The Ritual of Breath Is the Rite to Resist, at Stanford’s Bing Concert Hall Oct. 14–15, may have had an unwieldy title. But this 80-minute work, a stirring musical monodrama rooted in racial pain and defiance, seized the mind and heart with a keenly made and resonant fusion of music, text, movement, and design.
The death of Eric Garner, an African American father of six who was choked to death by a white New York policeman in 2014 during an arrest for selling cigarettes on the street, is the ostensible subject and occasion for the piece. Through seven short movements, this Ritual expanded to become both a moving threnody for the systemic violence Garner’s death represents and a plea for communal resistance, endurance, and transformation.
In a transfixing lead performance, soprano (and co-choreographer) Neema Bickersteth sang virtually every line of Vievee Francis’s stately libretto. Jonathan Berger’s score supported and articulated the surging, insistent, and plangent vocal lines with a crisp, sometimes concussive chamber ensemble of piano, percussion, violin, cello, and saxophone. Kamna Gupta was the sensitive and disciplined conductor.
Co-conceived with Berger by visual artist Enrico Riley, the production featured a stark two-doored flat, one side white and the other black. The worktables and video equipment suggested the deconstruction aesthetic of The Wooster Group. the New York-based experimental theater company.
From its earliest moments, however, there was nothing self-conscious or metaconceptual about this piece. Through subtle emotional and rhetorical shifts in the libretto, a listener was drawn into a deeply imagined and psychologically animated space.
“Evening together,” sang Bickersteth in a dreamy voice at the outset, “we can do anything.” As the instrumental music slowly degraded into shards of dissonance, the singer lofted the word “father,” adding, “We will do anything.”
Soon enough the language slipped to another register, as an offstage chorus materialized in projected cell-phone windows. “We can’t do anything,” they lamented, “to stop this.” This, of course, being racism, injustice, and murder.
With a sense of urgency heightened by her arresting vibrato, Bickersteth navigated oscillating poles of optimism and despair, innocence and experience. As her labile feelings altered, the singer was sometimes a daughter, sometimes a sister, and sometimes a kind of roving consciousness. “The self is a wind winding through,” she reflected, in one of Francis’s many incisively poetic lines.

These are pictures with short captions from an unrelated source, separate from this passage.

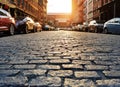 Cars parked along an old cobblestone street in the Tribeca neighborhood of Manhattan in New York City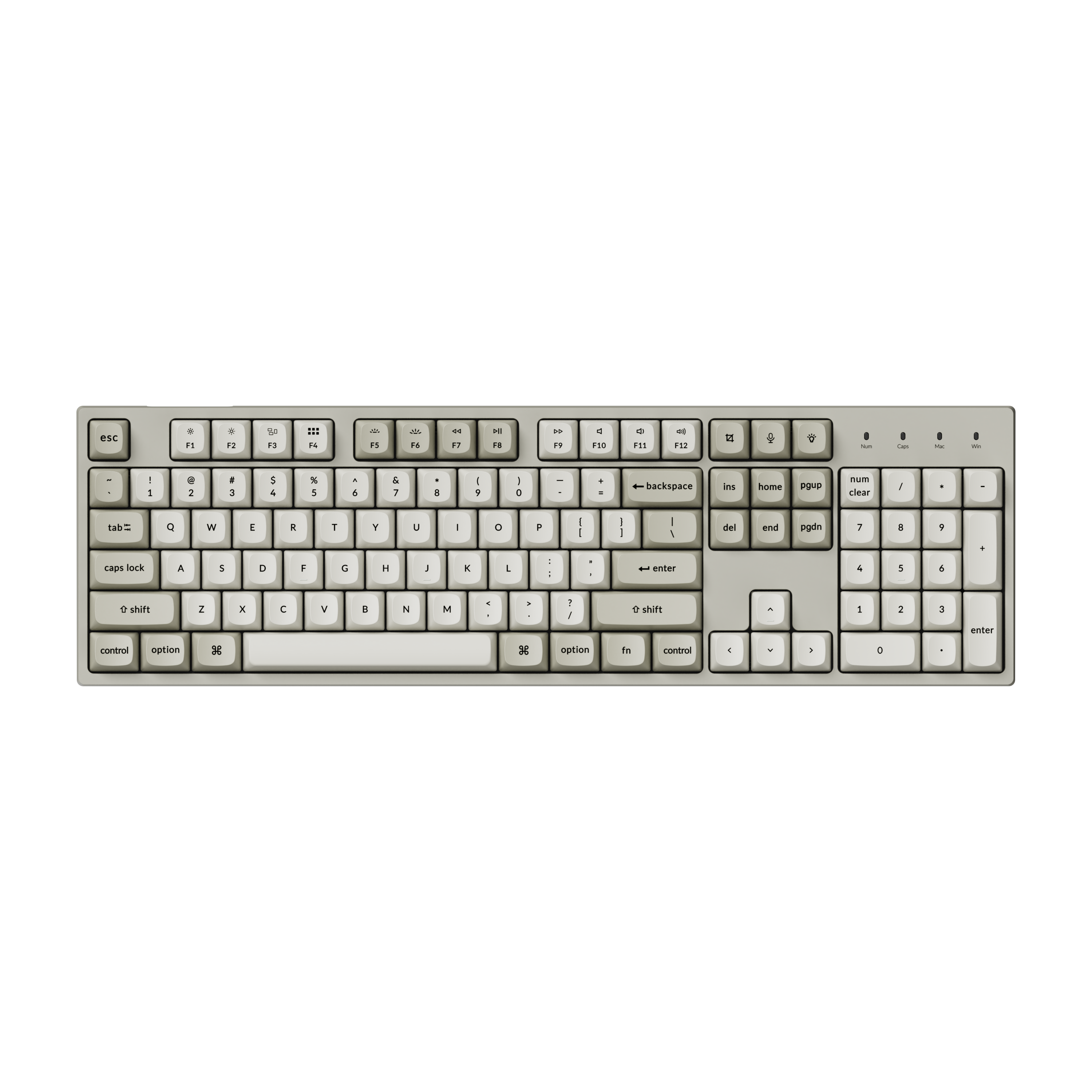 Una tastiera per computer grigia di grandi dimensioni con tastierino numerico su sfondo bianco.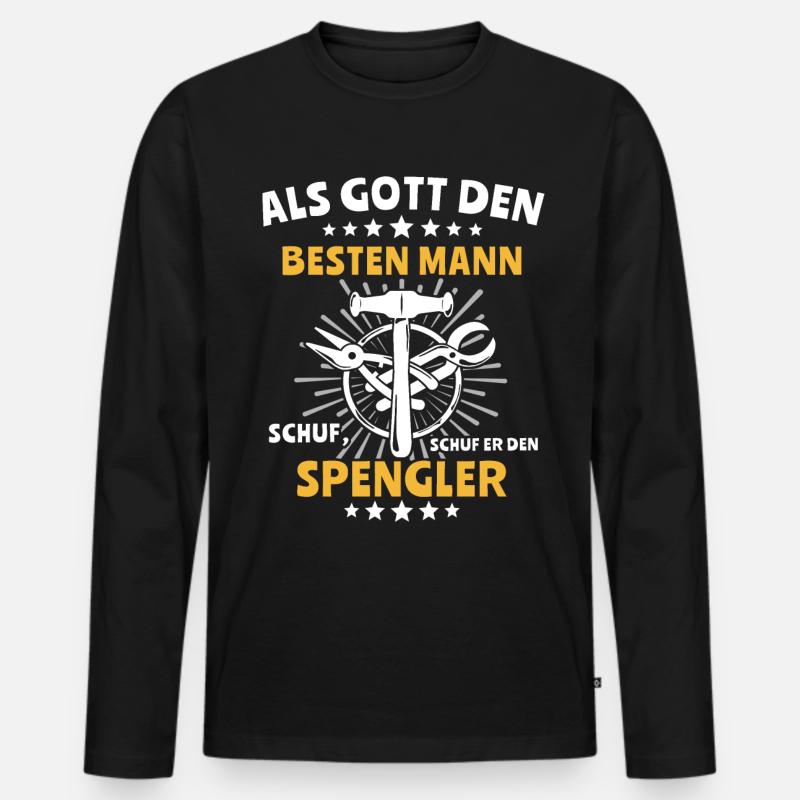 Spengler Bauspengler Spengeln - Männer Premium Bio Langarmshirt - Schwarz
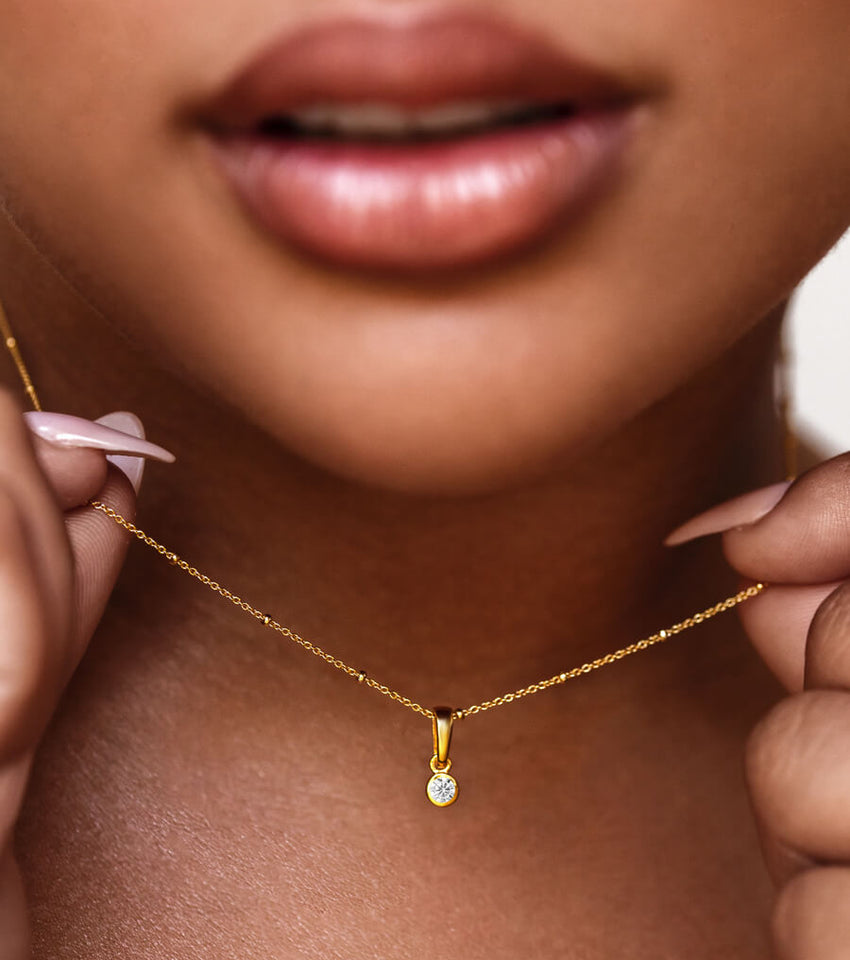 Luxe Diamond Sphere Chain Necklace (Gold)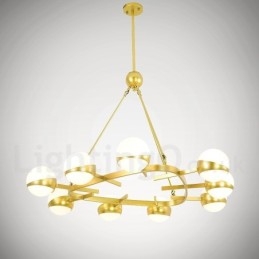 Lámpara de techo de estilo nórdico contemporáneo moderno de 9 luces con baño de cobre y pantalla de cristal esférico dorado y blanco.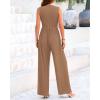imageBTFBM One Piece Jumpsuits For Women Dressy Casual Spring Summer Outfits 2025 Sleeveless Mock Neck Wide Leg Pants RompersCamel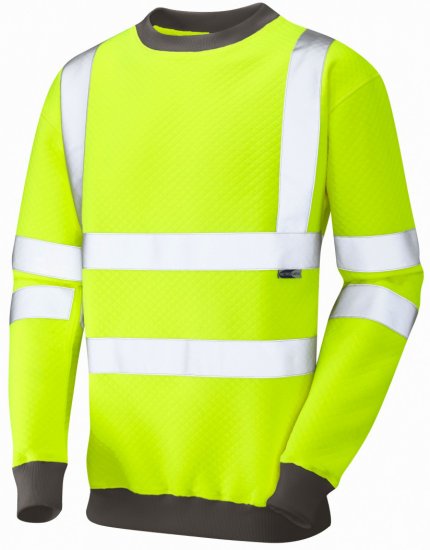 Leo Winkleigh Crew Neck Sweatshirt Hi-Vis Yellow - Arbejdstøj - Arbejdstøj i store størrelser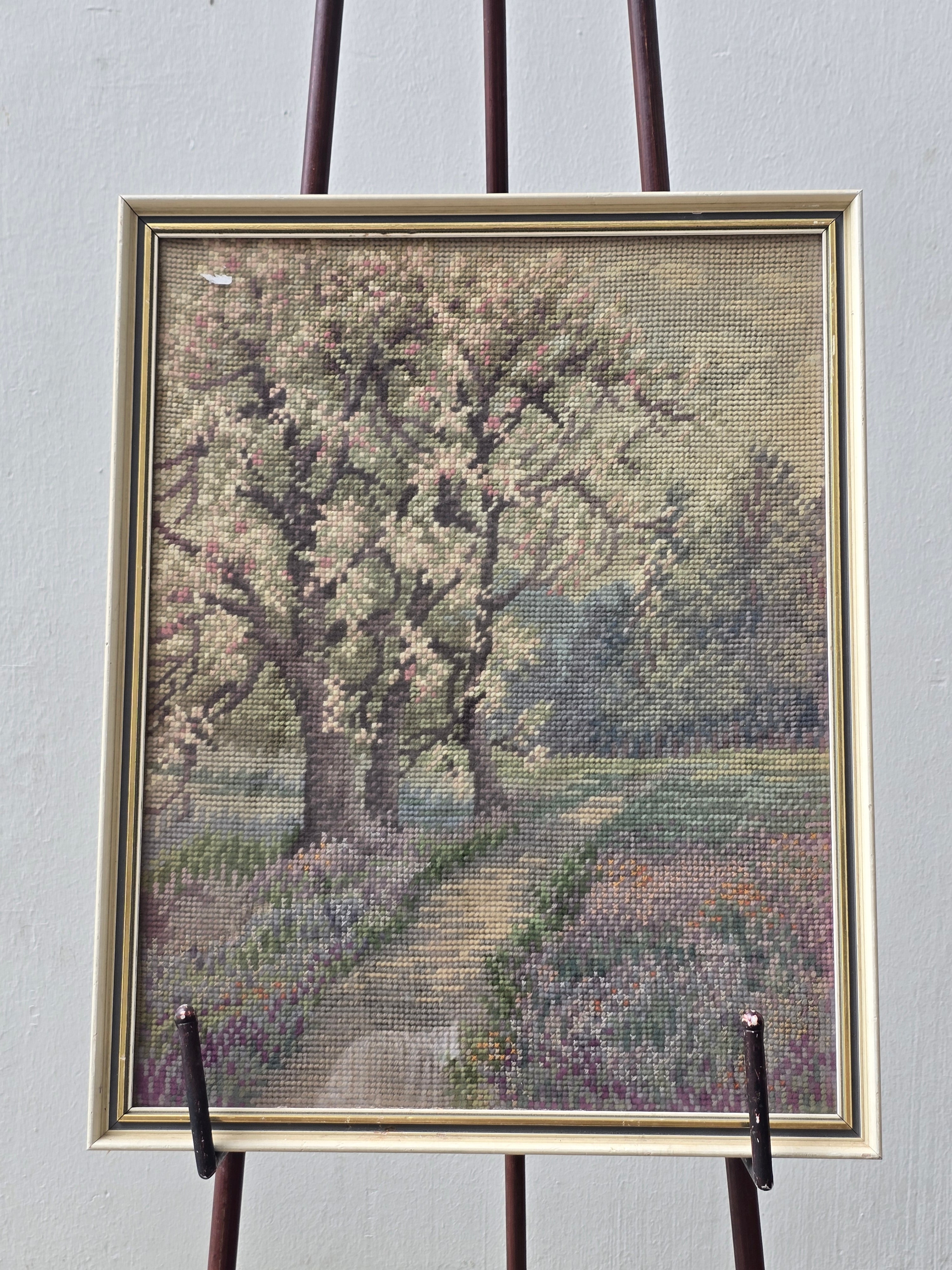 Vintage Framed Needlepoint Tapestry | Forest Haven Landscape | British | 52.5 × 42cm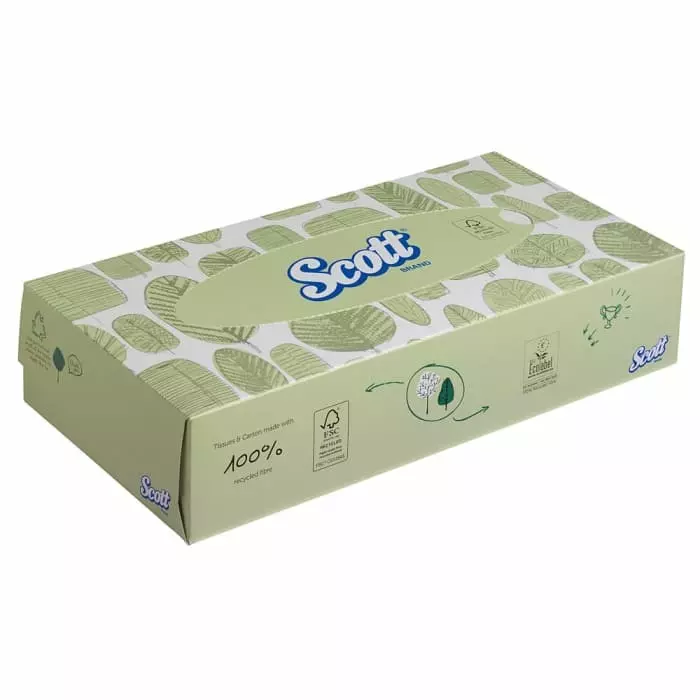 Kimberly-Clark SCOTT Facial Tissues 2-Ply 100 Wipes Per Pack White, 8837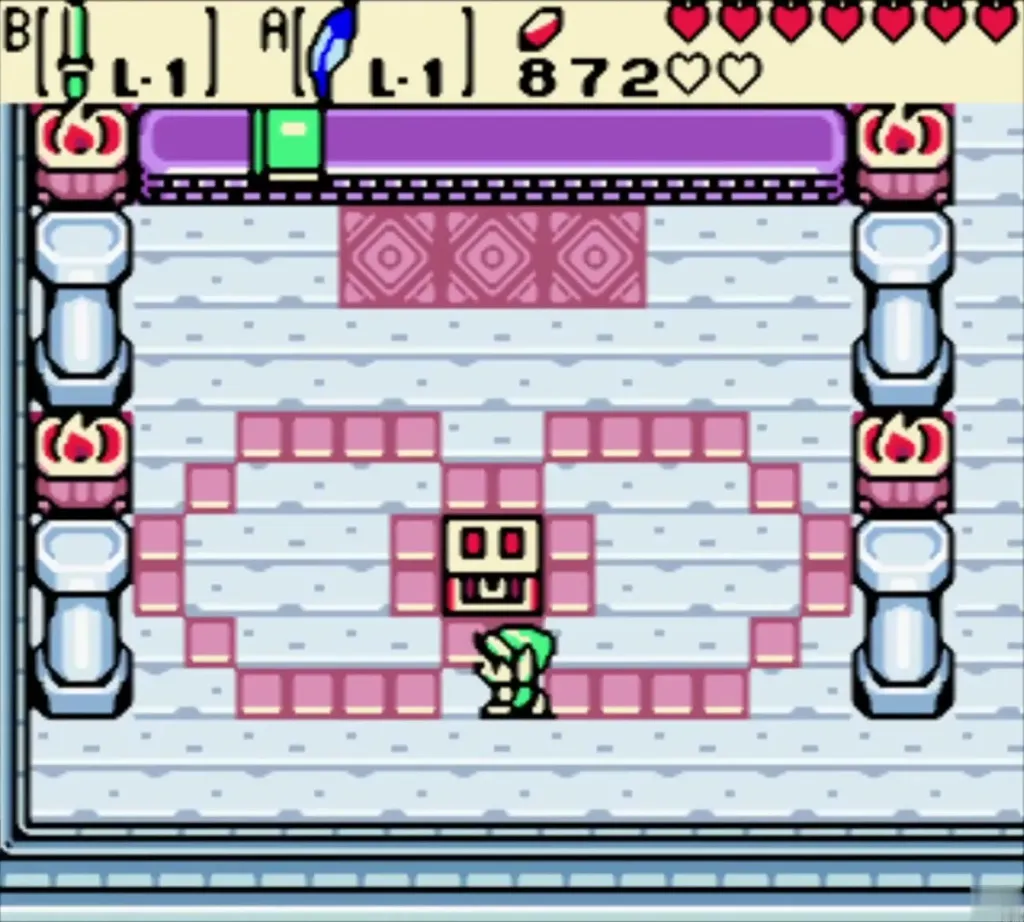 Link beside the chest in the Hall of Secrets ring before taking Bombchu Link beside the chest in the Hall of Secrets ring before taking Bombchu
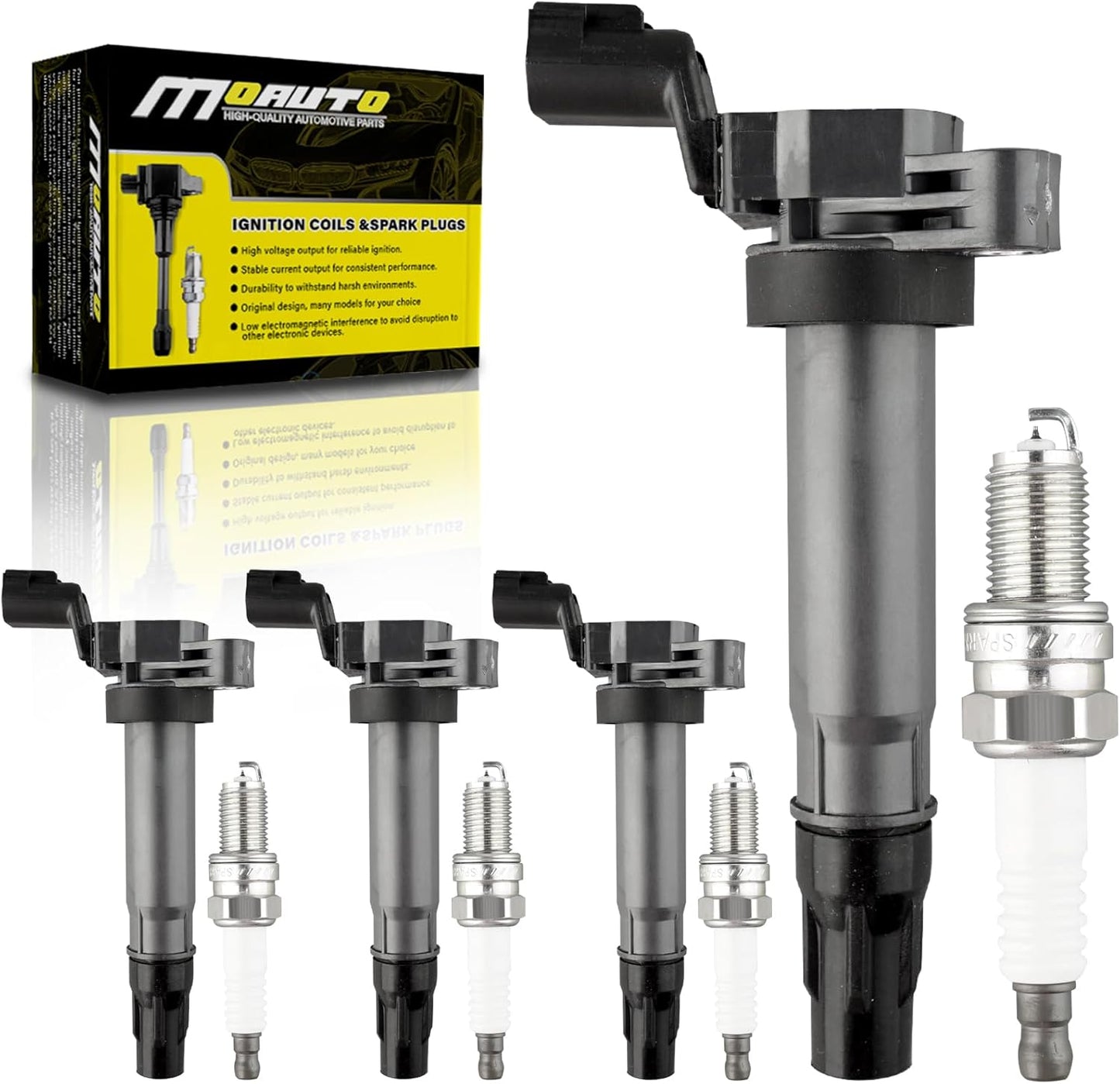 Set of 4 Ignition Coils Pack UF781 3052059B013 & 4 PCS Iridium Spark Plugs Compatible with Honda Accord CR-V Civic Insight RDX 2017-2021 1.5L 2.0L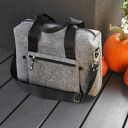 Kuferek z filcu - wzór szary - wygodna listonoszka filcowa - pojemny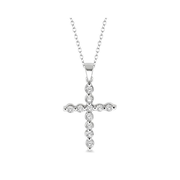 925 Sterling Silver Single Prong-Set 0.10ct Round Diamond Cross Necklace. Bichsel Jewelry in Sedalia, MO. Shop online or visit our store today!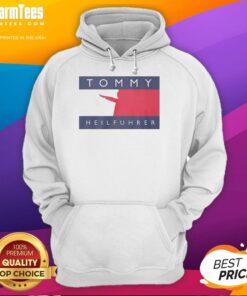 Official Tommy Heilfuhrer logo parody hoodie featuring a unique and humorous design on a stylish garment.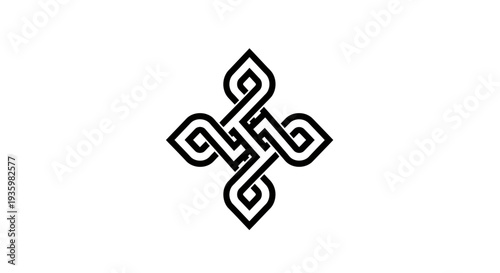Abstract Celtic Knot Symbol on White Background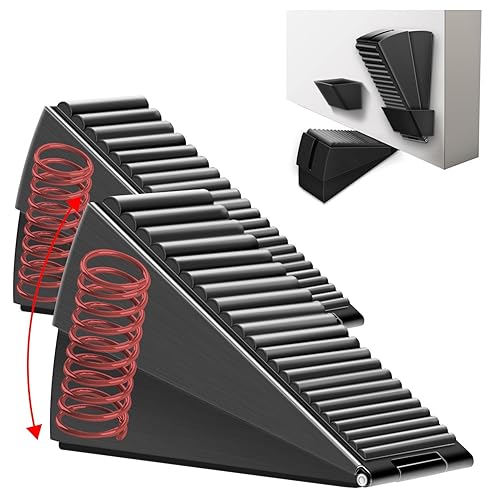 2 Pack Adjustable Spring Door Stopper Wedge with Holder, High 3 Inch Heavy Duty Door Stopper with Non-Slip Rubber Base, Tall Door Stoppers for Bottom of Doors for Heavy Doors and Gates, Black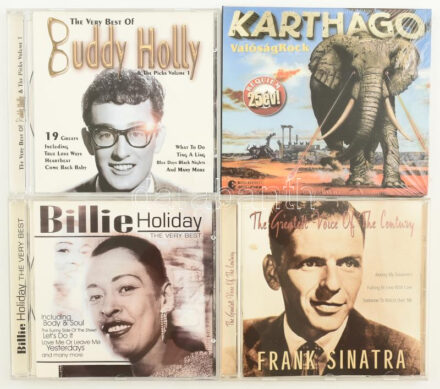 Vegyes CD tétel, 4 db: The very best of Buddy Holly (Musicbank Ltd 2000), The very best of Billie Holiday (Musicbank Ltd 2000), Frank Sinatra - The greatest vioice of the century (Bellevue Entertainment), Karthago - ValóságRock (EMI,2004.)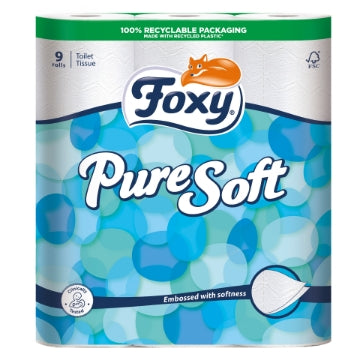 (5 x 9pk) FOXY PURE SOFT TOILET ROLL 9pk 190Sht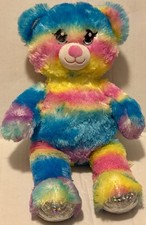 Build A Bear Workshop Rainbow Stripe Sparkle Bear 16  Plush Stuffed Animal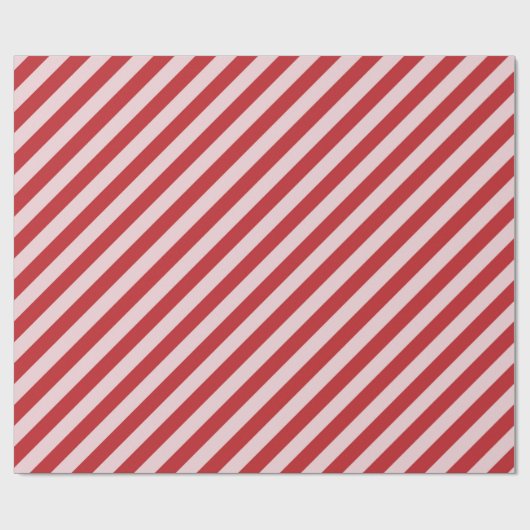 Rood gestreept kerstpatroon cadeaupapier (Vlak)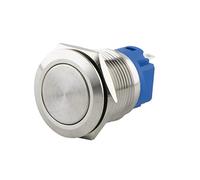 SeKi Pulsante in acciaio inox, diametro 16 mm, forma piatta con asole saldate/connettore piatto 0,5 x 2,8 mm; pulsante campanello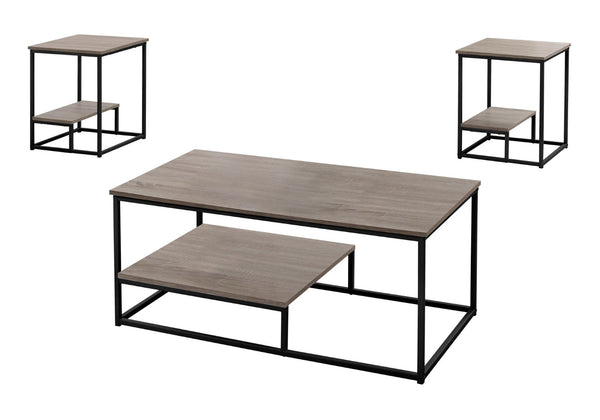 HomeRoots Set of Three Contemporary Taupe & Black Metal Coffee Tables with Lower Shelf for Stylish Living Rooms 366092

Garner’s name was mentioned only once, in a spoken catalog of men and women, including Oscar Grant and George Floyd, killed in confrontations with the police. The way in which Garner died, however, became a powerful image, made manifest in words, music, and action.
“To breathe is to not disappear,” the singer reflected. “Who heard him last?”
Bickersteth stood at that moment over dancer Trebien Pollard, who was lying on one side, with his legs held rigid in midair over the edge of a table. His body took on the ambiguity of death and transcendence. (Some of Francis’s libretto took on a kind of biblical aura.) The violin (Fung Chern Hwei) and saxophone (Greg Ward) exchanged a tender meditation over this haunting mystery.
There were other moments of glowing illumination as Ritual moved through its suggestively titled movements (“Fear: Among the Many More,” “A Question of Abandonment”) — perhaps too many. The piece seemed to end several times.
The resounding climax arrived with the unexpected onstage appearance of the dozen choir members to lead a rousing jazz-hymn spiritual. “Keep breathing anyway,” rang out a repeated summons. Like many lines, that challenge held a double message: Carry on the fight against racism in spite of the odds. And do it in any way possible.
Bickersteth’s heroic and transporting performance deserves praise without measure. She was truly the show’s breath of life on opening night of a two-day run. Her achievement was supported and amplified by everything around her, from the scenic and supple projection design by Peter Nigrini to Reza Behjat’s pointed lighting, all under Niegel Smith’s disarmingly simple and lucid direction.
Two performances weren’t enough. The Ritual of Breath Is the Rite to Resist deserves the kind of attention and endurance it urges so powerfully on an audience.